1. Field of the Invention
The present invention relates to an OFDMA (Orthogonal Frequency Division Multiplexing Access) system, and more particularly to an apparatus and method for minimizing interference caused by sub-channel frequency overlaps when assigning sub-channels for sectors of a base station in an OFDMA system of a FDMA (Frequency Division Multiple Access) type.
2. Background of the Related Art
Recent advances in mobile communication technologies have led to a move from using analog methods to digital methods in signal processing. Also, in addition to voice and text communication services, multimedia communication services are now also provided for commercial use.
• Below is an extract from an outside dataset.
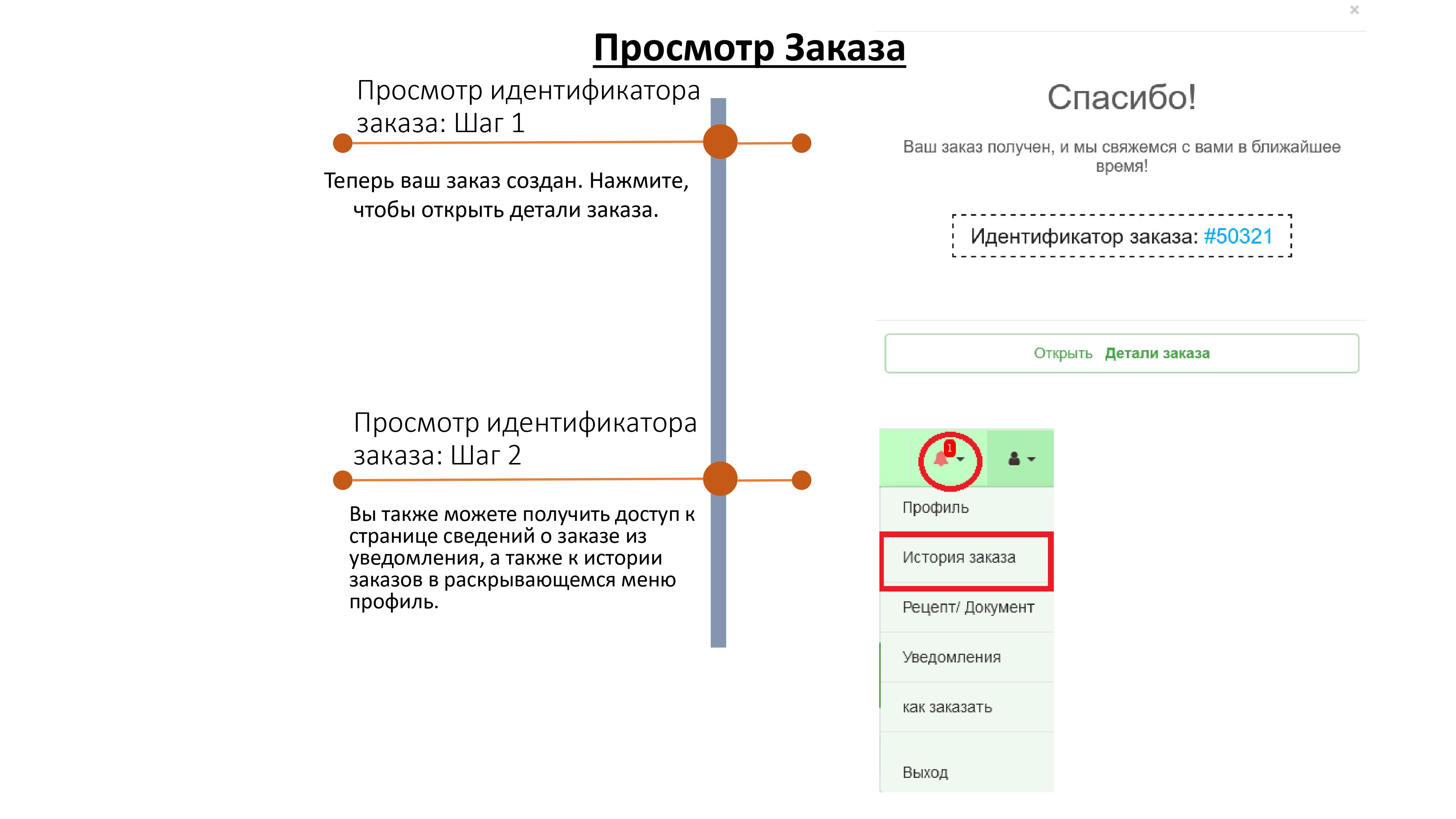 view cart 1 ru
In line with such progress, there has been a growing interest in the 4th generation communication system, which establishes a more effective communication environment based on systematic inter-operations between a mobile communication system and a radio access and wide-band wired system.
Also, an OFDM transmission method is being proposed as a radio transmission method in order to enable various services to be provided in the 4th generation communication system. The basic principle of the OFDM transmission method is to transform data rows inputted in series into a plurality of parallel data rows so as to separately carry each of the parallel data on a separate sub-carrier. In such a case, the frequency of the sub-carriers must be selected to maintain orthogonality between the sub-carriers, wherein such orthogonality allows each of the sub-carriers to overlap in the spectrum region.
Also, as for the 4th generation communication system based on the prior OFDM transmission method, an OFDMA technology based on the OFDM system has been proposed as a multiple user access method in order to satisfy various QoS (Quality of Service) requirements, i.e., to maintain service quality while supporting various types of services and applications. The OFDMA method has the advantage of providing frequency and time in accordance with the user's requests by dividing the frequency band and time.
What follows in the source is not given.